In 1983, the Sandinistas, confronted with a strengthening Contra force and desperate for more defense, enacted a compulsory military draft for all men over the age of 17. Families who could afford to do so packed up and left the country, or sent their sons abroad. Thousands of draftees, mostly poor teenagers from rural areas, including most of the men in this community, were sent to the northern hills to fight. People here in El Riito talk about hearing bombs and gunfire go off in the not-so-distant hills, worrying for their sons. Everyone knows someone who died at the hands of the Contra rebels. All four sons of the older couple I live with were sent to war. 
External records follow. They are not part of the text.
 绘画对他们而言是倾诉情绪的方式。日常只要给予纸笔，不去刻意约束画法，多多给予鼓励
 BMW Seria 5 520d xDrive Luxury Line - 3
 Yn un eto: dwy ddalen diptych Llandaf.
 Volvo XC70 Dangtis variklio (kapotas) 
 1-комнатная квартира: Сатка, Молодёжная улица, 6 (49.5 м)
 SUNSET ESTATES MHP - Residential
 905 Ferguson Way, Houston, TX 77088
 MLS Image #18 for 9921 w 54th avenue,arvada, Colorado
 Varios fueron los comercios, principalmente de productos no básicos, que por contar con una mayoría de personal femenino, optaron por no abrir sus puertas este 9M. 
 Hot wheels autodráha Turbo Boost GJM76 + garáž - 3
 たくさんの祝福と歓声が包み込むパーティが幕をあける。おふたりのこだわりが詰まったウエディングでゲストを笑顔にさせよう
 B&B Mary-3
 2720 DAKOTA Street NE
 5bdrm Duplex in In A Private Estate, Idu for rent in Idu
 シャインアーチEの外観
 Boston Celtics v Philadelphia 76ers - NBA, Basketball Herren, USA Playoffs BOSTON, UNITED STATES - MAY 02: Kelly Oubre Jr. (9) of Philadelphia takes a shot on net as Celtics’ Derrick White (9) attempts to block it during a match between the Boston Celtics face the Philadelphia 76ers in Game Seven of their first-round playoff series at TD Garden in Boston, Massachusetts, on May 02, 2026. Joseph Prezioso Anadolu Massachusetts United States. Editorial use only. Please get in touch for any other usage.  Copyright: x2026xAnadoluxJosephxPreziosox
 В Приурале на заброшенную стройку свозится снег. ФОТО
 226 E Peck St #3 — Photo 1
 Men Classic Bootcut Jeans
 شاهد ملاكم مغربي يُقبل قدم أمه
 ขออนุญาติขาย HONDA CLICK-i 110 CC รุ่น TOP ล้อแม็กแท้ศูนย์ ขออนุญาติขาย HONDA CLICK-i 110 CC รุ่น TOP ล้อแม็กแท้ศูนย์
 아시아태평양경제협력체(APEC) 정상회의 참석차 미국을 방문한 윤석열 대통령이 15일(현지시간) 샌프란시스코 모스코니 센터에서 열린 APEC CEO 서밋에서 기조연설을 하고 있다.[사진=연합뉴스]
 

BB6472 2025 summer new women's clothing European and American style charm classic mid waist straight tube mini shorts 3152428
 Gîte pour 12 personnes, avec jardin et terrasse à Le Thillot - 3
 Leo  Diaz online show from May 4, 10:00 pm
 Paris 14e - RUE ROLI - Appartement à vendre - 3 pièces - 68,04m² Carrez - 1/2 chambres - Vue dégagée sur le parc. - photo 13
As war raged through the Nicaraguan countryside, life in the city was deteriorating in other ways. While largely unaffected by military conflict, living conditions were declining rapidly; there were shortages in food, transportation, water, electricity, phone service, and other basics. Between money spent on the war, the government’s attempt at control of the private sector and overall atrocious misjudgment and mismanagement, the economy had collapsed. 
The Sandinistas, amid the chaos of the war, were unable to pursue the reforms they had sought, namely freeing the poor majority from decades of mistreatment and neglect. Rather than acknowledge that their vision for the new Nicaragua was not actually shared by all Nicaraguans, they responded with increasing authoritarianism, including censorship of the press and repression of legitimate political opposition, alienating some citizens who previously supported the revolution.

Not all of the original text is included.